With his Goodbye to the Working Class André Gorz achieved a shock effect which probably owed more to the arresting title than to the content of the book. Not that it was without merit, for example his ruthless analysis of the relations of production in capitalism—that lines of control are from the top down, military style, which makes the idea of taking them over and converting them to production for use, with voluntary labour, completely ludicrous.

He went on to fall into traps he had dug himself. There will always be jobs needing some element of compulsion, he argued (old class-warriors will recognise this as the Who Will Do The Dirty Work question); these jobs will be shared out so that everybody gets some free time, while technological developments have made it possible for it to happen without a fall in production.

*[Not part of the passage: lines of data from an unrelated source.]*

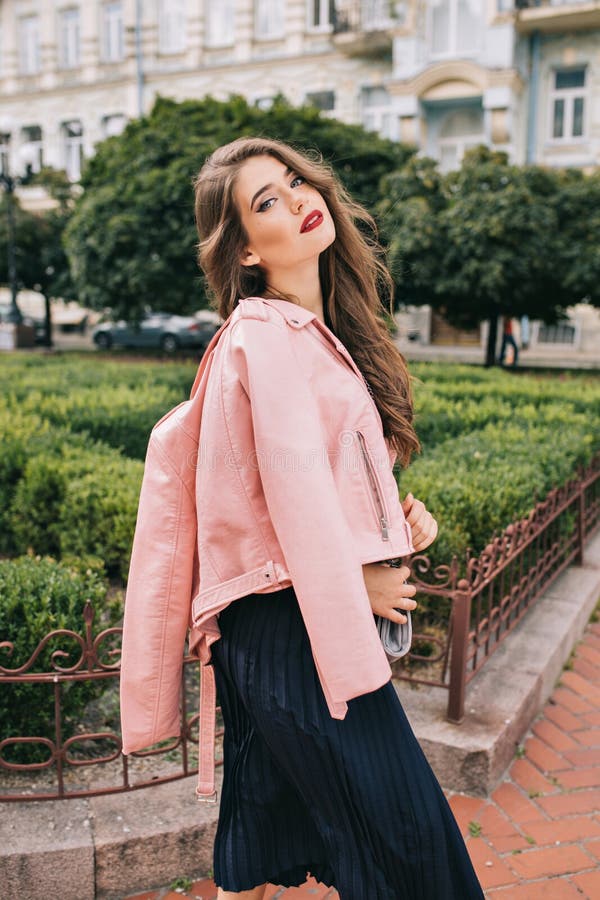 Muchacha elegante con el pelo rizado largo que presenta en buey en fondo de la yarda Ella lleva el vestido negro, chaqueta rosada imágenes de archivo libres de regalías Muchacha elegante con el pelo rizado largo que presenta en buey en fondo de la yarda Ella lleva el vestido negro, chaqueta rosada imágenes de archivo libres de regalías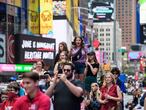 People watch a pop up event in Times Square on June 11, 2021 in New York City. - Many restrictions aimed at curbing the spread of the virus have been lifted, and New York state governor Andrew Cuomo said that most of the remaining measures would be eliminated once 70 percent vaccination is achieved. (Photo by Angela Weiss / AFP)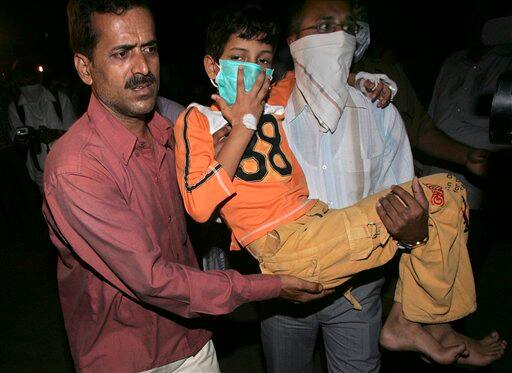 Relatives carry a young boy to be tested for swine flu at Kasturba Gandhi hospital in Mumbai, India, Saturday, Aug. 8, 2009. A woman infected with swine flu died at a private hospital Saturday, becoming the country`s second fatality related to the virus.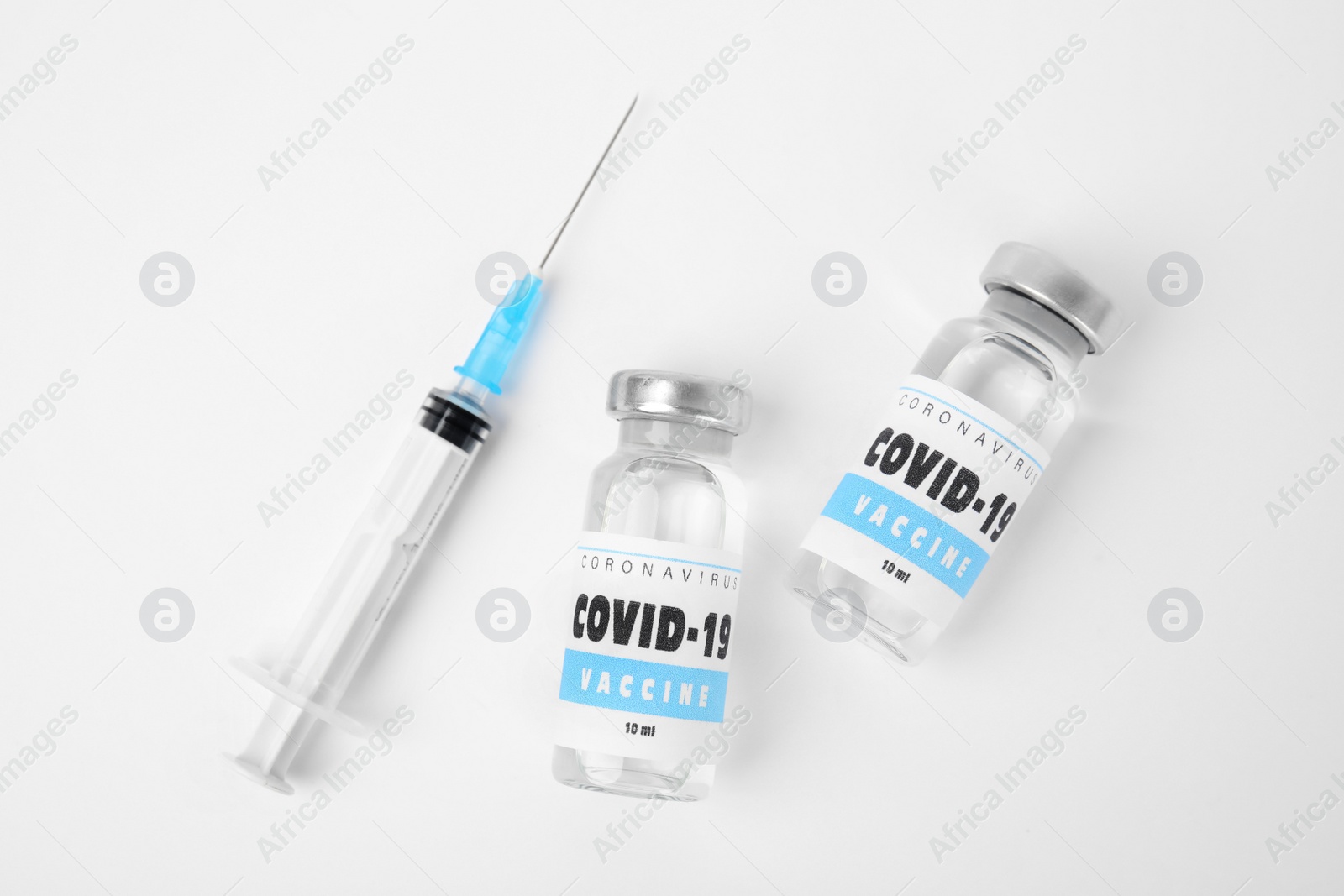 Photo of Vials with coronavirus vaccine and syringe on white background, flat lay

But as we have pointed out (see “New Economics, Old Errors”, World Socialist No 6), it is difficult to imagine compelling anybody to work if they access to everything they need for free. So that Gorz’s proposal for extra monetary rewards as encouragement adds another bizarre contradiction.

But his main theme, which gave the title to the book, was that changes in the character of the market economy due to automation had rendered traditional Marxist thinking and practice totally irrelevant. The masses of workers who had trooped into the steelworks, the shipyards, the mines and the factories, were a vanishing race. Strikes had been broken, men sacked and a select few re-engaged and put to work with labour-saving equipment to do the jobs that had previously taken many. The remainder of the workforce, generally speaking the less skilled and qualified, had been hived off to do menial or casual or part-time work, and had been rendered marginal in their work and their social life.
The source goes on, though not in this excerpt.